My dataset is like this:
test<-data.frame(
Chrom_no=c(1,1,2,3),
Region=c('12..13','22..23','100','34..36'),
Ref=c('AT','CG','A','AAA'),
Alt=c('TA','GA','T','CGG'),
Prob=c(99,98.7,99,99.9))
I want to separate all the regions that are grouped together. So far, I have solved for all the columns, but the 'Region' one:
ref2 <- strsplit(as.character(test$Ref), '')
alt2<-strsplit(as.character(test$Alt), '')
test2<-data.frame(
Chrom_no=rep(test$Chrom_no, vapply(ref2, FUN=length, FUN.VALUE=integer(1))),
Region=rep(test$Region, vapply(ref2, FUN=length, FUN.VALUE=integer(1))),
Ref=unlist(ref2),
Alt=unlist(alt2),
Prob=rep(test$Prob, vapply(ref2, FUN=length, FUN.VALUE=integer(1))))
I don't know how to solve fix that column: e.g. '12..13': 12 should go on the Ref=A and 13 should go in Ref=T (first and second character, respectively). Things get complicated, as some of the columns have 3 characters (and corresponding range: 22..24), some will have more.

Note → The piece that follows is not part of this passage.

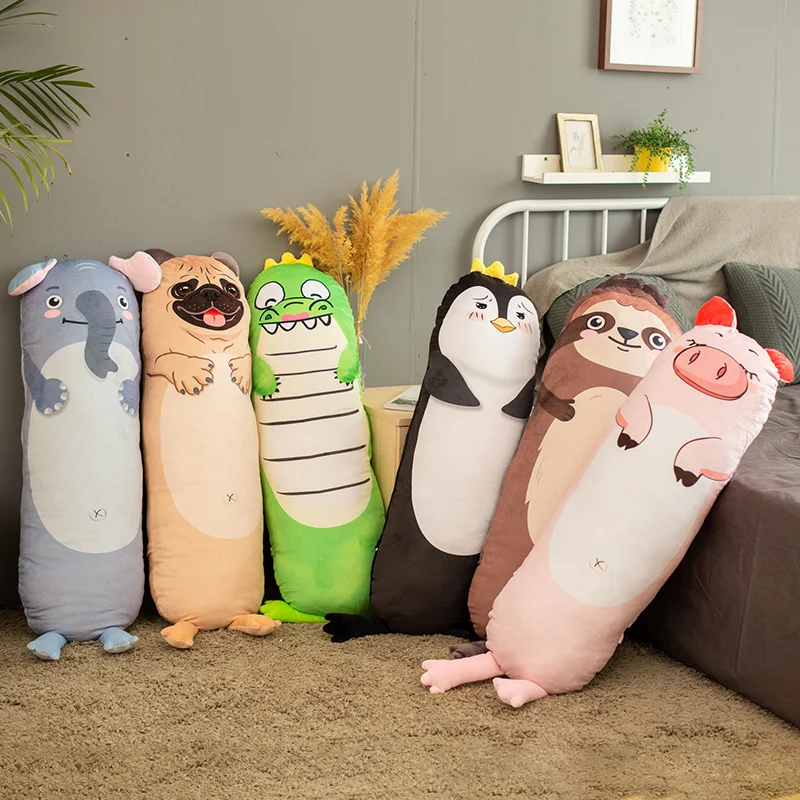 Online Almohada De Felpa De Animales Largos De Dibujos Animados, Peluches De Perro Sharpei, Elefante, Cerdo, Cocodrilo, Perezoso, Pingüinos De Peluche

How could I solve? I have been looking for a solution in the last couple of days, but I am still not sure how to solve. I apologize if this has already been solved somewhere else.
P.S.: I am aware that in order to strsplit on the 'Region' column I need to use:
'\\..'
as separator.
If I understand your end goal correctly, you can look into using the "data.table" package. With it, you can set up your problem like the following:
library(data.table)
## Change your data.frame to a data.table
DT <- as.data.table(test)
## Convert the relevant columns to be characters instead of factors
DT[, c("Region", "Ref", "Alt") := lapply(.SD, as.character),
.SDcols = c("Region", "Ref", "Alt")]
DT[, list(Chrom_no = rep(Chrom_no, nchar(Ref)), # Expand the Chrom_no
Region = unlist(lapply( # Split Region and use
strsplit(Region, "..", TRUE), # the result to create
function(x) { # the range of values
x <- as.numeric(x) # needed
if (length(x) > 1) seq(x[1], x[2]) else x
})),
Ref = unlist(strsplit(Ref, "")), # Split Ref
Alt = unlist(strsplit(Alt, "")), # Split Alt
Prob = rep(Prob, nchar(Ref)))] # Expand Prob
# Chrom_no Region Ref Alt Prob
# 1: 1 12 A T 99.0
# 2: 1 13 T A 99.0
# 3: 1 22 C G 98.7
# 4: 1 23 G A 98.7
# 5: 2 100 A T 99.0
# 6: 3 34 A C 99.9
# 7: 3 35 A G 99.9
# 8: 3 36 A G 99.9
The above code can probably be streamlined a bit, but I thought this should be enough to get you started.